» **Exercise data**

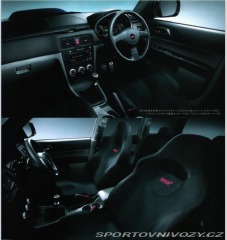 Subaru Impreza Forester STi JDM LHD 2005 2005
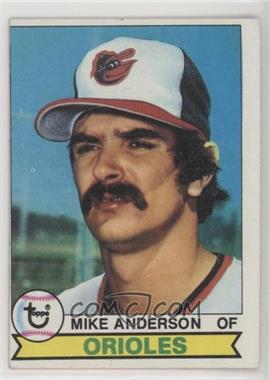 1979 Topps - [Base] #102 - Mike Anderson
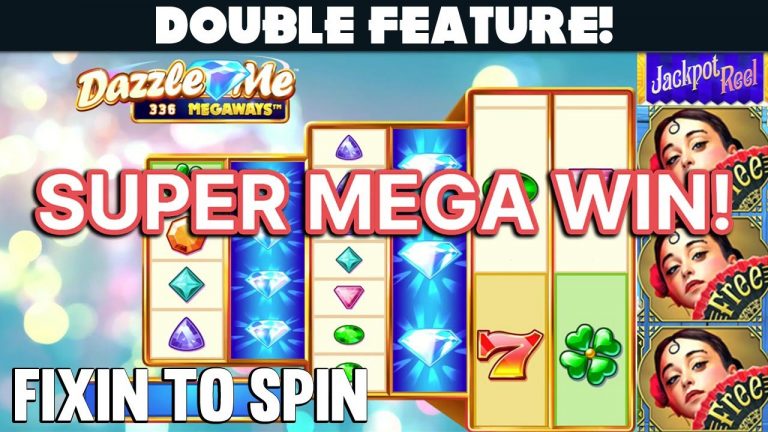 DOUBLE FEATURE! Super MEGA WIN + JACKPOT REEL Chumba Casino + LuckyLand Slots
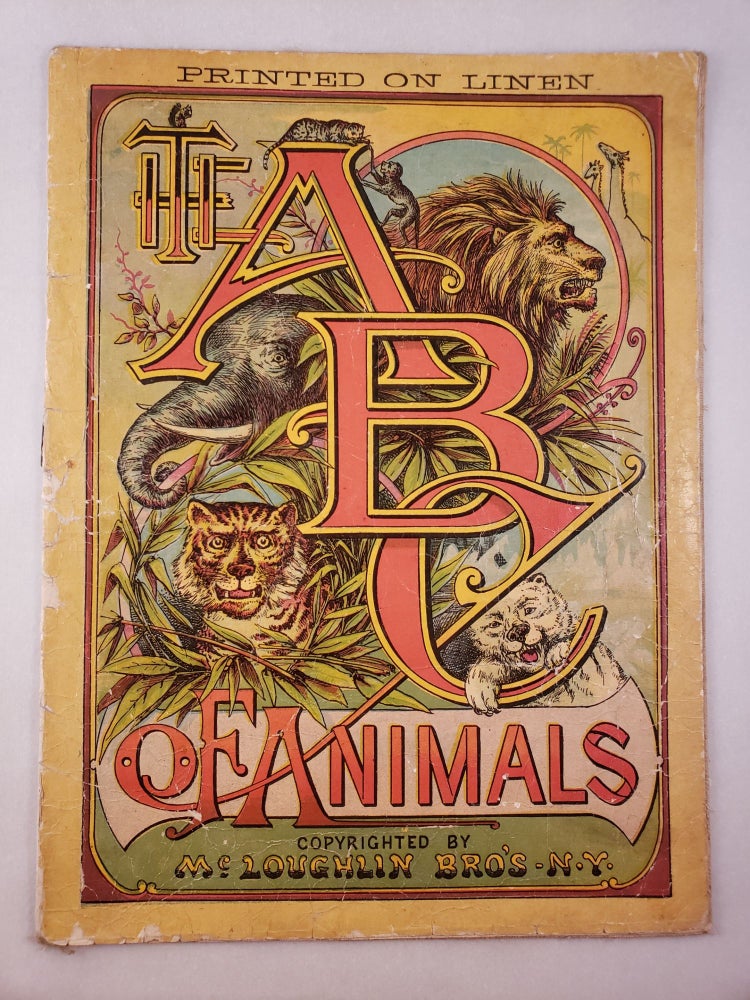 Item #37710 The ABC Of Animals. n/a.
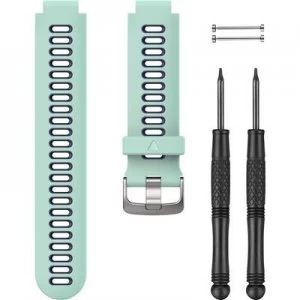 Image of Garmin Silikonarmband fuer Forerunner 735XT Replacement wrist strap Frost, Blue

» **What needs to be done**
Your reply should hold every line of the material, unaltered, and not one picture.

» **Solution for this problem**
 Subaru Impreza Forester STi JDM LHD 2005 2005
 1979 Topps - [Base] #102 - Mike Anderson
 DOUBLE FEATURE! Super MEGA WIN + JACKPOT REEL Chumba Casino + LuckyLand Slots
 Item #37710 The ABC Of Animals. n/a.
 Image of Garmin Silikonarmband fuer Forerunner 735XT Replacement wrist strap Frost, Blue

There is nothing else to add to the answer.